As Pastor Lauren and I have, once again, read these sermons from Wesley, we have been struck by the “tone” of some of them. As Pastor Lauren has said, Wesley was “sassy.” He tells it like it is. In the sermon for today, he makes a distinction between those who follow the witness of the Spirit, on the one hand, and those who are “presumptuous self-deceivers,” to use his phrase. Now, we may not even know what that means – to be a “presumptuous self-deceiver” – but it does not sound good. In another place, he talks about how easy it is to fall into, what he calls, a “dreadful delusion.” This delusion is to think that God calls us to inflict others with our opinions and to try to get them to conform to our understanding. We are “presumptuous self-deceivers” when we claim that the “Holy Spirit” has called us to lord “over others,” and tell them what to believe, rather than to be “with” others and to “abide” with them in love. It is a dreadful delusion. We may be completely right about what we think others should do, but if our “rightness” causes us to turn others away from God, or causes them to see God as something other than pure love, then we are not “representing” the family of God.

Throughout these sermons, Wesley calls us to self-examination.

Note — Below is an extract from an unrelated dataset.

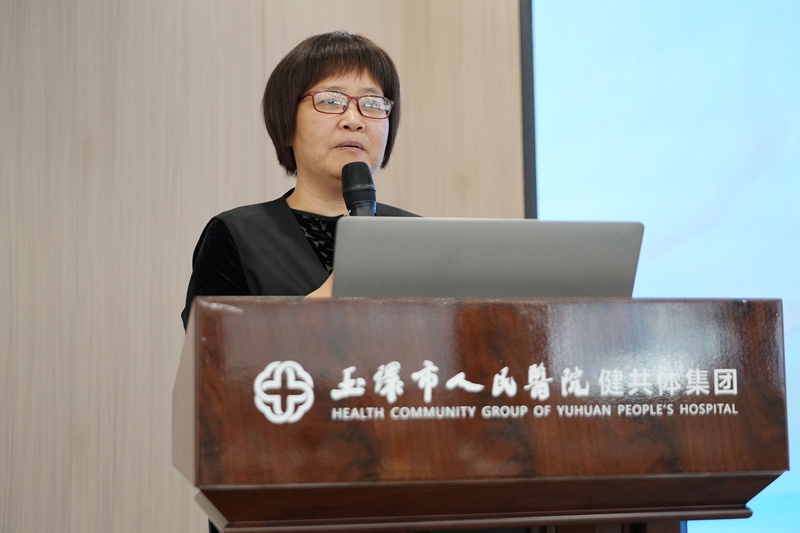 20250415 癌痛治疗讲座5.jpg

This is at the heart of a Wesleyan understanding of what we do in our relationship with God. We reflect daily and examine our lives. Are we following the Spirit or are we being “presumptuous self-deceivers?” How can we test this? Well, we can make a biblical list. If we are led to be more patience, kind, gentle, willing to expand our perspectives, willing to listen first, then we are indeed breathing the fresh air of the Holy Spirit. But we need to know that this world is full of spirits and forces attempting to guide us, and not all of them are holy. If we feel led to be impatient and demanding of them, uninterested in their perspectives, compelled to draw hard lines in the sand and divide the world between us and them, then we are breathing in the polluted air of the spirits of the world. We are breathing in the dreadful delusion that brings so much harm to the world.

One phrase that Wesley uses in his sermon on this topic is the phrase “patience with contradictions.” We need to be patient with contradictions because we are human and finite; we all have different gifts and circumstances; we are all at different places on our faith journey. In the midst of all the difference and contradictions, the Holy Spirit guides us to always be patient and kind, to have compassion for each other, and to abide in love. When we do that we glorify God.

In our theology, the church is sometimes described as our mother, nurturing us and guiding us in the ways of faith. So, before you go out into the world this day, I invite you to hear this motherly advice: “Remember who you are.” That is something a good mother might say. “Remember who you are.” You are a child of God. To paraphrase our lesson, you did not receive this blessing to fall back into a spirit of slavery or of fear. You are heirs with Christ and are able to glorify God by loving one another as Christ has loved you. That’s the blessing that the Spirit brings to you and to us together. Amen.